# Mainsail Controls for conditions



## mikehoyt (Nov 27, 2000)

My boat is a 26 foot fractional rig and has the usual mainsail controls (traveller, sheet, outhaul, vang, backstay, cunningham, halyard).

I am looking for "Sailing For Dummies" for upwind performance. Particularly in lighter airs.

Currently when the wind is light I go for power by easing the main halyard to put a bag in the sail, easing the outhaul by about 2 inches and letting the backstay adjutment off most of the way. As the wind picks up and I feel the boat becoming overpowered I tension the outhaul, main halyard and backstay to flatten the sail. As the wind picks up more I lower the traveller and use the sheet to spill the wind out of the main ... driving with mostly the jib. I mostly ignore the vang and leave it reasonably tight.

So ... I think it''s time to start trimming more wisely. From what I have read it is good to get power out of the main by making it full as you accellerate out of the tack. ... but I am now readinging that in light winds the sail should be flat? after the accelleration? I had been leaving the main full in these conditions.

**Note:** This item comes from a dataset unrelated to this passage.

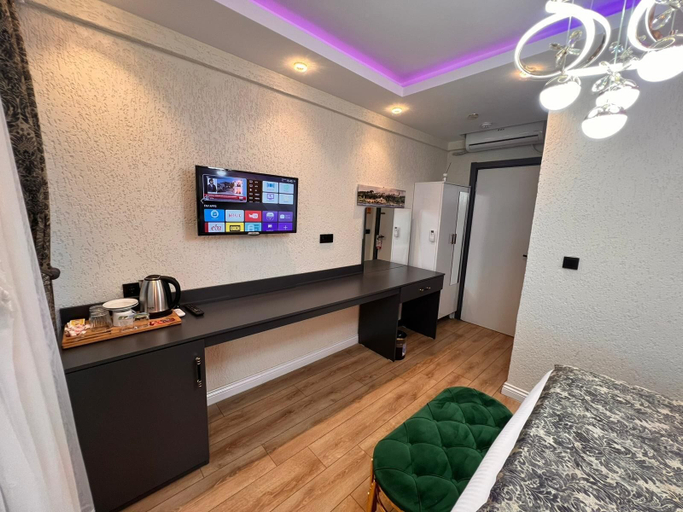 Others 5, FEYCEM SUİTES HOTEL, Fatih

My biggest problem I have with the reading I have come accross is that it is typically information overload. I am thinking a simple 1-2-3 approach for upwind performance would be nice.

Any comments?

Many Thanks

Mike


----------



## bob_walden (May 1, 2003)

It seems to me you''re past the "sailing for dummies" point, Mike. 

A book I can recommend, which I have yet to get everything out of after over a year of reading and re-reading and re-reading: "A Manual of Sail Trim", by Stuart H. Walker. Something to read, think about, sail, then re-read and so on several times. He organizes the book nicely, focusing on situations: acceleration, low leeway, pointing, etc, and special conditions like dirty air, gust control, ligt-moderate-heavy wind, etc. as well as racing maneuvers.

Re your question about "From what I have read it is good to get power out of the main by making it full as you accellerate out of the tack. ... but I am now readinging that in light winds the sail should be flat? after the accelleration?", yes to both. In general, you want a fuller main coming out of a tack, coupled with footing off a bit--ie, sailing a little below close hauled--to speed up. Then, after you''ve recovered your speed after the tack, focus on pointing, which will usually mean hauling the main back in and flattening out. On the boat I race on, we "give up" the fine-tune on the mainsheet during a tack, which is the 20:1 system on our main. That eases the main sheet by maybe 5-10% during the tack. Then we haul that fine-tune back in maybe 30-0 seconds after the tack.

And about flat sails in light airs--if the wind is light, say 3-5 knots, then a very full shape is called for in most rigs to get the most pressure. But in SUPER-light air--beufort 1 stuff--you want to flatten out again because a slack sail will sag and flutter and loose attachment with whatever airflow is there. It''s better in that case to pull most the slack out so that what little airfow you do have, stays attached to the sail. And of course in light conditions, keep control motions smaill and slow to keep things stable. 

bw


----------



## SandyNicholson (Oct 5, 2004)

The Bible for any serious racer is "Sail Power" by Wallace Ross. Nothing else comes close. Flat is fast in light air, but only in flat water. Rig tension is the next threshold for you to understand. Buy sail power-400 pages, tons of pix and line drawings. Don''t loan it to friends though, my copy never came back...


----------



## dpboatnut (Jun 22, 2002)

"Sail Power" was written in 1976, no? How current is it, or can it be? How does it compare to Bethwaite''s "High Performance Sailing"?

Has anybody else read both? I was about to grab a copy of the Ross book on Amazon until I saw the date.

Chad


----------



## paulk (Jun 2, 2000)

All good titles above. For light air in particular, you might want to try moving the traveler to windward, so the boom ends up on the centerline without having to tighten the sheet a lot. This keeps the sail full and helps provide more thrust forward.


----------



## paulk (Jun 2, 2000)

I found Bethwaite difficult to read -- along the lines of Stuart Walker. Lots of theortetical breakdown and dinghy stuff that may be correct, but not easy to figure out. Sail power has a lot of basic stuff that is still correct and is much easier to read and actually implement. Sail materials have changed, but as airfoils they still need adjusting to suit different conditions.


----------